Banks offer borrowers various discounts, both advertised and discretionary, based on a range of factors, including the lender’s policies, the individual’s characteristics, their value or potential value to the bank, and their ability to negotiate.

“The discounting by big banks lacks transparency, and it’s almost impossible for customers to obtain accurate interest-rate comparisons” - Rod Sims, ACCC

These discounts can significantly impact what a customer pays. Across the five inquiry banks, the average discount on variable rate loans ranged from 78 and 139 basis points off the headline rate, the ACCC found. At each inquiry bank, 44% or more of borrowers were receiving a discount of more than 90 basis points in June 2017.

“The discounting by the big banks lacks transparency, and it’s almost impossible for customers to obtain accurate interest-rate comparisons without investing a great deal of time and effort. But the potential savings from these discounts are immense,” said ACCC chairman Rod Sims.

Lenders provide discounts to win or retain business, and may price more attractively in the broker channel, Mickenbecker says. 

“The problem with discretionary discounts is that consumers have no idea how much is on the table,” he adds. “Is 20 basis points all that I could expect to negotiate, or are people like me getting a 40-basispoint discount?” 

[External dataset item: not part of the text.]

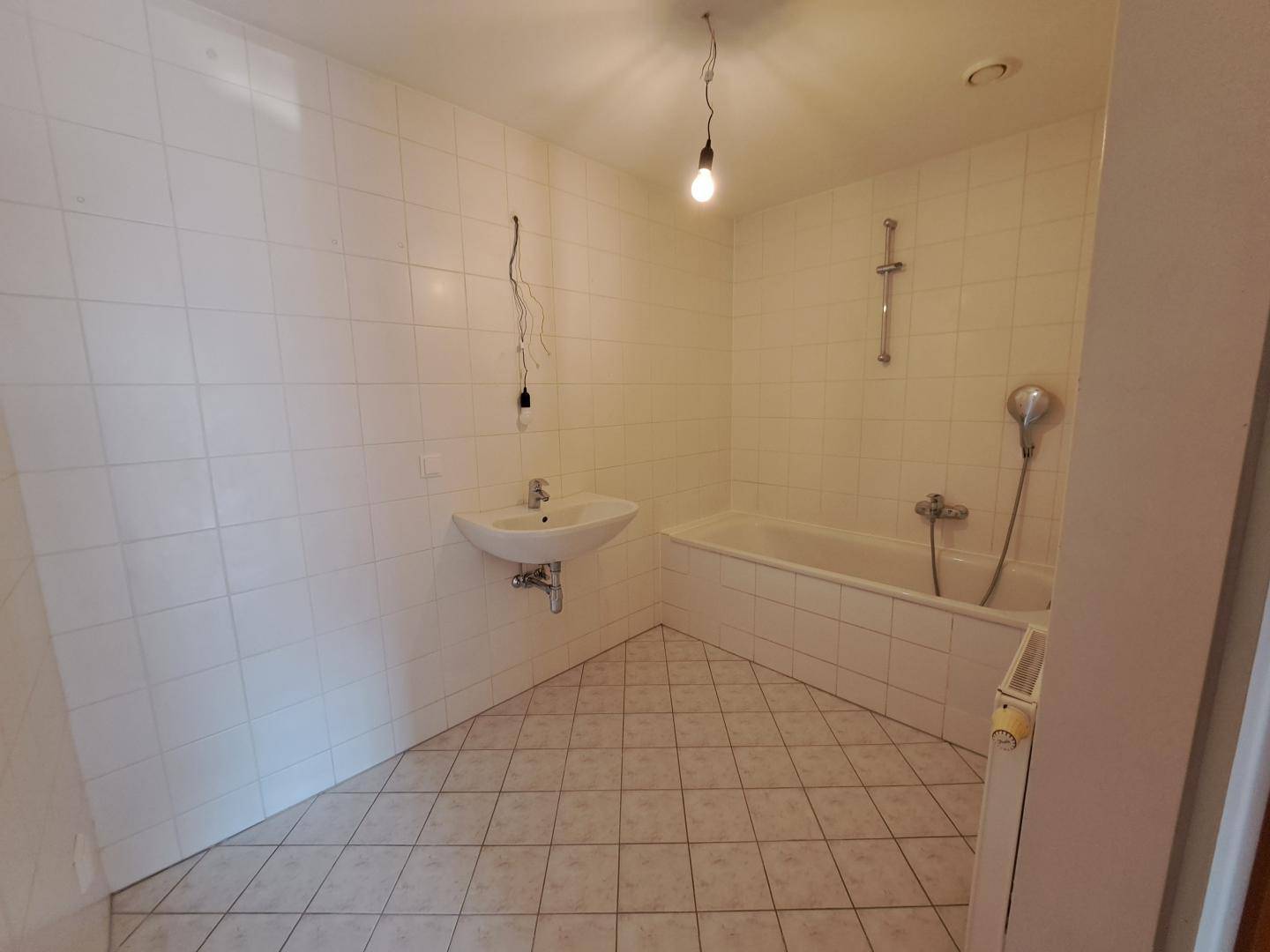 Badezimmer mit Badewanne, Waschbecken und weißen Fliesen, funktional und hell.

This is historically where brokers have added value: by being able to negotiate, navigate the complexities, weigh up the options and score a better deal for customers. But the Productivity Commission has seeded doubt about this in its draft report, claiming that “brokers do not consistently get lower home loan interest rates for consumers".

Shared interest in avoiding disruption

The ACCC stated that the inquiry banks – and the big four in particular – lacked the appetite for “vigorous price competition”, appearing to have a “shared interest in avoiding disruption of mutually beneficial pricing outcomes”.

Instead of trying to increase market share by offering the lowest rates possible, the banks were mainly preoccupied with each other, the report said. In late 2016 and early 2017, two of the big four banks each adopted pricing strategies aimed at reducing discounting in the market, even though this was potentially costly for them if the other majors didn’t follow suit, the ACCC found. Similar sentiments were expressed in bank executives’ internal communications, which made reference to “maintaining orderly market conduct” and “industry conduct”.

The banks were not only attentive to how their direct competitors were setting rates, but also to how they would be announced to the public. Fear of bad publicity and political scrutiny even prompted one inquiry bank to defer a rate rise due to the potential reputational damage.

Another bank’s internal document noted that changing the variable interest rate without an easily understood reason, or a trigger event, could have the “potential to attract a lot more attention and focus”.

Blame it on APRA

APRA’s prudential measures limiting lending to investors to 10%, and interest-only repayments to 30% of new lending, compelled the banks to employ a number of strategies to curb their appetites. Some reduced discounts to new investor borrowers and tightened loan approval criteria. 

When those measures weren’t sufficient, the solution across the board was to increase rates. The opportunity to gain “substantial economic benefit” of hundreds of millions of dollars in additional revenue – as one internal document put it – and meet performance targets was not lost on the banks, the ACCC said.

Once some of the inquiry banks raised their rates, the others claimed a need to do the same or else be inundated with new loans and breach APRA’s cap, the report said.

In 2017, all the inquiry banks attributed an increase in variable interest rates for interest-only loans on both new and existing customers to APRA, a matter that will be investigated in further detail once the ACCC releases its final report after 30 June.